That aside, with respect to saying an intelligent designer designed the universe ("God did it"):
>explains nothing
Well, it explains why the universe is fine-tuned, if you buy the argument.
>predicts nothing
Yep, just like any other answer to the question, since it's a metaphysical question rather than a scientific one.
>satisfies no curiosity
It offers an explanation.
>closes the book on any further questions
No more than any other answer does.
I'm not saying it's an argument for God, I'm saying more that it's as logically poor and useless as 'God' as an answer to the question. "Why are my parents white?" "if they weren't, you wouldn't be asking why they are white". "Why am I typing with my fingers?" "if you typed with your toes you wouldn't be asking why you type with your fingers". It's not an answer, it's a wordplay loopback which takes up the place of an answer and blocks anything else from going there.
> "Well, it explains why the universe is fine-tuned, if you buy the argument."

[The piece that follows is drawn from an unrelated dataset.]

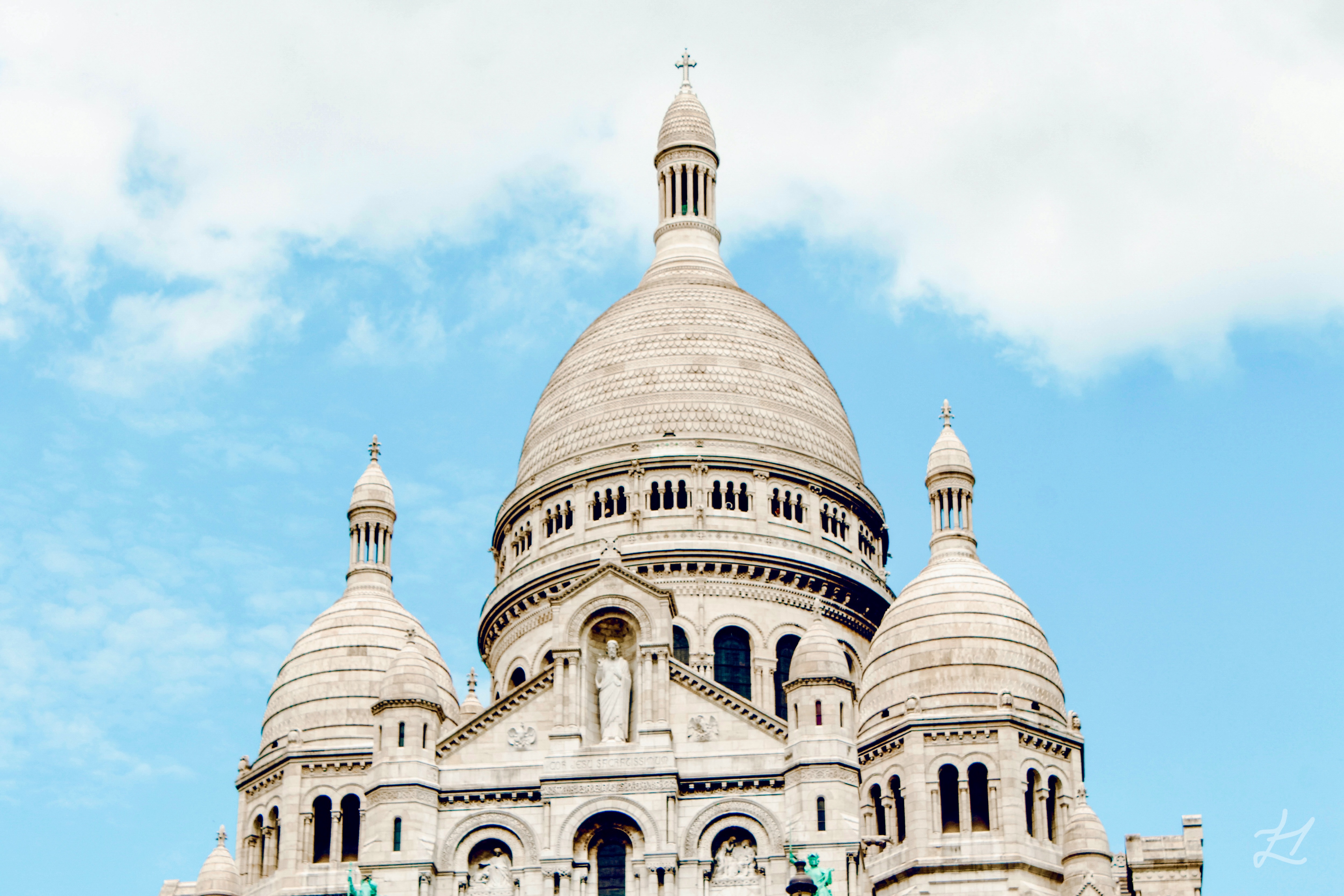 Front of Sacre-Coeur in Paris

No, it observes that the universe is fine tuned but doesn't explain anything. How the parameters could possibly vary (how could the 'charge on an electron' concievably be tuned across the entire Universe, by any means, where is the tuning knob?), how the tuning actually happened - what process, where the multiverse universes could physically or temporally be, how they could arise, why they arise with different parameters, nothing. Worse, it suggests knowledge that the parameters can and do vary, knowledge of a multiverse or a tuning process applying to one universe, when that knowledge doesn't exist. It reassures the existence of a larger more powerful unknowable thing behind the scenes which makes this universe perfect for humans (cough Godlike cough).
> "Yep, just like any other answer to the question, since it's a metaphysical question rather than a scientific one."
"We don't know" predicts nothing, but doesn't pretend to be an answer, doesn't pretend to be more than it is.
> "It offers an explanation."
It placates (or frustrates) with a non-explanation. It's feel-good sugar when you wanted nutrition.
> "closes the book on any further questions / No more than any other answer does."
More than "We don't know" does.
No it doesn't. Goddidit is not an explanation.
>Yep, just like any other answer to the question, since it's a metaphysical question rather than a scientific one.
Nope, not like any other answer. Like Satandidit.
>It offers an explanation.
No it doesn't. Goddidit is not an explanation.
>No more than any other answer does.
No, not like other answers. Science never closes the book on further questions.
it’s not entirely trivial. if someone says “god did it” because we find ourselves on earth not mars the anthropic principle is a better explanation.
A good read is https://www.preposterousuniverse.com/blog/2018/02/08/why-is-...
Which law of the universe guarantees the satisfaction of your curiosity again ?
+ "Just for us" ^^
e.g. Earth is the only place where life could have formed. We have yet to set foot on even 1 another planet but we are pretty sure we are alone in the entire damn Universe.
If anything it's an argument against Intelligent Design. E.g. life is the statistical result of a vast universe (or multiverse) of permutations - some of which are not conducive to life, and some of which are. And when life looks out and says "wow it's uncanny how perfect this place is, there must be a divine hand at work" - it's only observational bias that makes it appear that way. Because life could only exist to make such observations in regions of the universe which are suitable for life.
But on the other hand it also prevents one from saying "we exist, therefore intelligent life must be commonplace".
We absolutely are not sure of that in any way, shape or form. Quite the opposite, given our knowledge of the universe and conditions necessary for life forming, it's highly unlikely we're alone. There's a reason that we call a paradox the fact that we haven't found any extraterrestrial life yet: the Fermi Paradox.
Anyway, the anthropic principle says nothing about that.